■ MATERIAL SHOWN ■
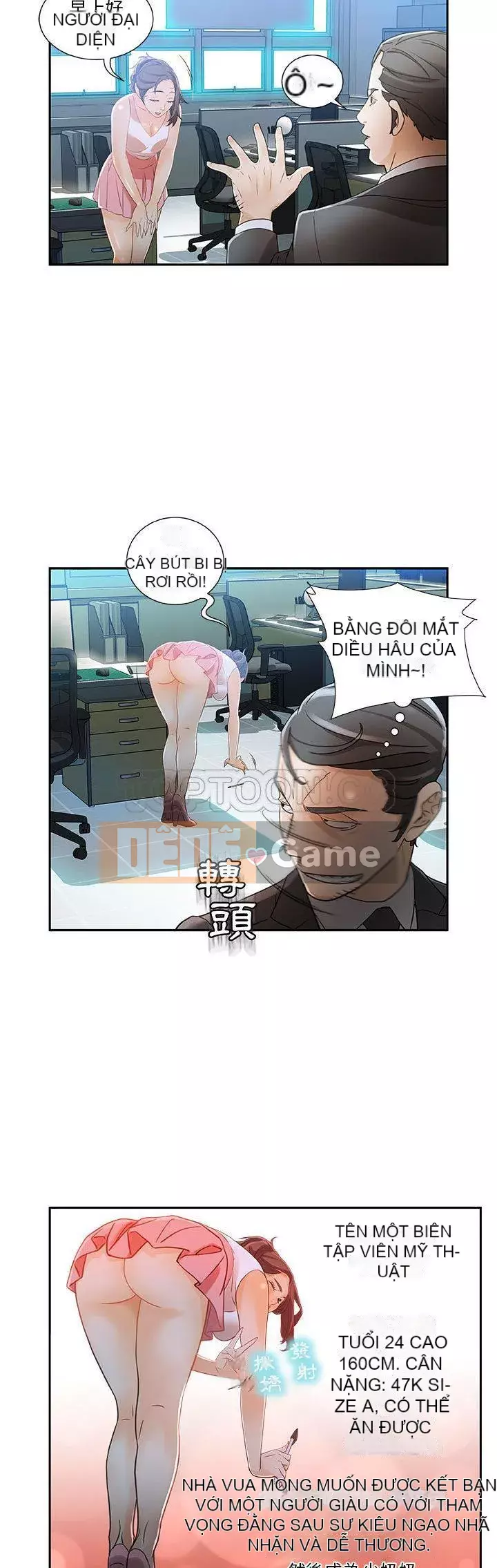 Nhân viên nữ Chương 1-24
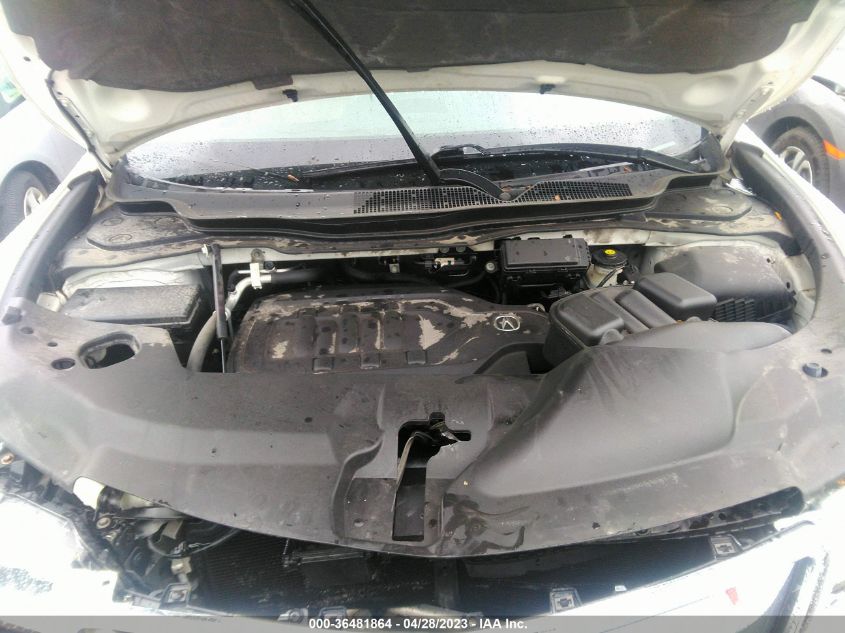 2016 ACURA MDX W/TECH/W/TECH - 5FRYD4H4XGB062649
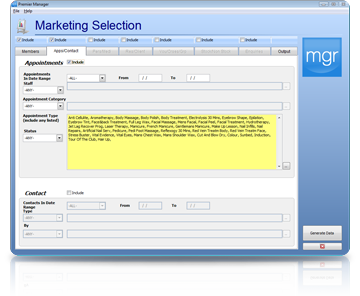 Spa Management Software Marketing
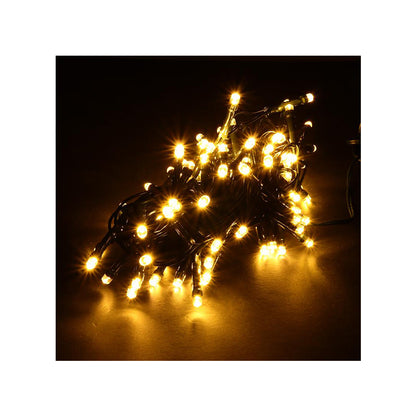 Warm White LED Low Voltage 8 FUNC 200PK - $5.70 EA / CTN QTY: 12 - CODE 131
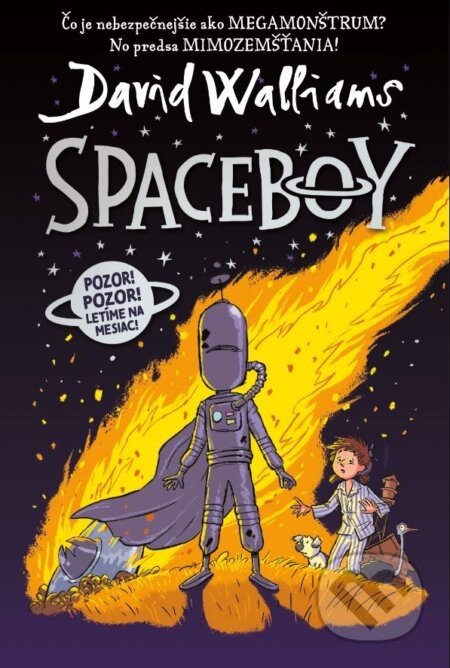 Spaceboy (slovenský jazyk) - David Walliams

■ ACTION ITEM ■
Please restate the entries word for word, with all pictures left out.

■ RESULT BELOW ■
 Nhân viên nữ Chương 1-24
 2016 ACURA MDX W/TECH/W/TECH - 5FRYD4H4XGB062649
 Spa Management Software Marketing
 Warm White LED Low Voltage 8 FUNC 200PK - $5.70 EA / CTN QTY: 12 - CODE 131
 Spaceboy (slovenský jazyk) - David Walliams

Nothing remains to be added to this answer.